Stray Thoughts on Pitchfork 2013

At some point in time, music festivals transformed from being meeting places for like-minded music lovers to by-products of our binge-happy culture that wants all the things at the same place at the same time. Pitchfork Music Festival began as a gathering for fans of the website and, above all, fans of the bands that the website celebrates, but it has increasingly become a festival where, instead of artists and fans clashing in awkward and amusing ways, as one would expect at a festival where Yo La Tengo opens for R. Kelly, people simply listen to the music.

It’s a pessimistic observation to make, but it’s the type of thought you have when your eyes wander away from a Yo La Tengo guitar solo and onto the crowd: frowning R. Kelly fans in lawn chairs (not festival-approved, mind you) at the front, young teens in the middle frantically checking the Pitchfork Music Festival app in between glances at Ira Kaplan swinging his guitar like Kurt Cobain, and, in the back, the older clusters of friends that enter and leave the festival as groups, rarely talking to anyone they didn’t come with.

Perhaps the hope was that R. Kelly would bring the hungry, hot, overpriced-beer-drinking masses together, but I saw a crowd moving in and a crowd moving out after “Ignition (Remix)”, the first song of Kelly’s set, was finished.

This year, as Pitchfork Music Festival struggled to find, refresh, or maybe just reinvent its identity (noticeable budget cuts were made: the removal of pump-water fountains, much smaller screens for the audience to watch from a distance, and draw your own conclusions about the line-up), I was forced to ask myself what exactly is the appeal of a music festival in 2013, if there is any apart from seeing a lot of bands in the same vicinity?
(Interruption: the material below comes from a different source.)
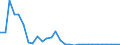 Flow: Exports / Measure: Values / Partner Country: World / Reporting Country: Mexico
Sometime between hearing the same verse from Kanye West’s “I’m in It” during three separate DJ sets and receiving the heat rash of a lifetime, I discovered I enjoy music festivals for the people watching as much as the music — and in this category, Pitchfork 2013 may have been the best of the summer festivals. But I also enjoy the random conversation, which was hard to make at a festival where most of the audience was very young and standoffish. Instead of kids who freak out on psychedelics, at Pitchfork you have to deal with kids who forget the importance of water in 90-degree heat and in a crowd of drenched bodies. It’s that kind of festival, and it can be endearing.
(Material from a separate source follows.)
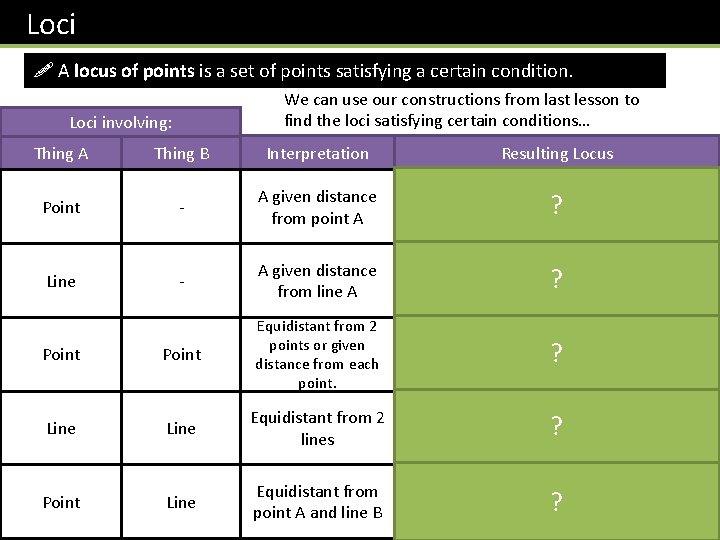 Loci ! A locus of points is a set of points satisfying a certain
I saw children no older than ten at Swans; I saw chiseled shirtless college students dubstep to Rustie; I even saw an elderly man in an R. Kelly t-shirt throw up the devil horns during Yo La Tengo’s set while another older gentleman in a straw hat looked away from the band, toward the audience, with a grimace that can only be summoned by looking at an audience respond favorably to music you can’t stand. And even after a fantastic rendition of “Blue Line Swinger”, it’s that image that will stick with me. It was worth the price of admission alone. It’s just too bad that this colorful cast of characters rarely interacted with one another. Can’t blame Pitchfork for that, but I can thank them for bringing a diverse group of artists and fans together.
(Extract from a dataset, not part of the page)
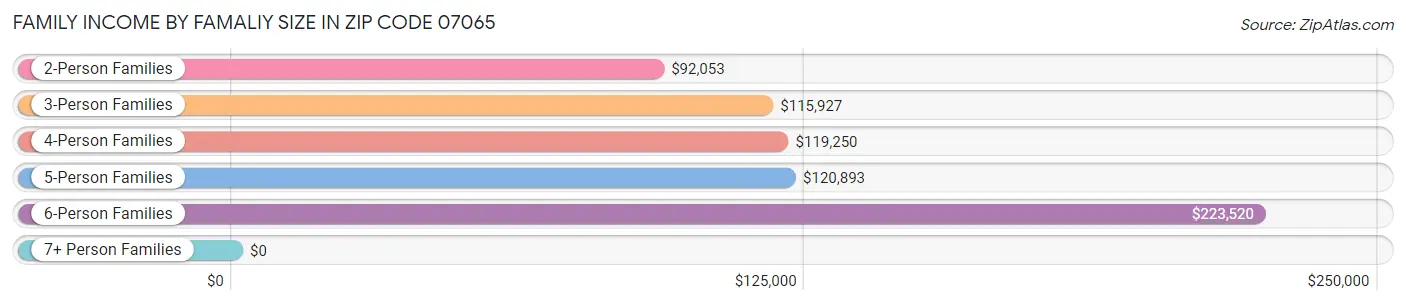 Family Income by Famaliy Size in Zip Code 07065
If the festival’s directors were merely trying to see how disparate an audience they could summon, the outcome of the 2013 fest should give all the answers they need. But they may be disappointed when they discover that these audiences didn’t come together so much as they simply didn’t intrude on one another, which may be standard at your typical live show but goes against the spirit of a music festival; or at least the festival Pitchfork once was.

Maybe it’s the ideal to watch instead of talk to strangers, but I miss when that at least felt like an option.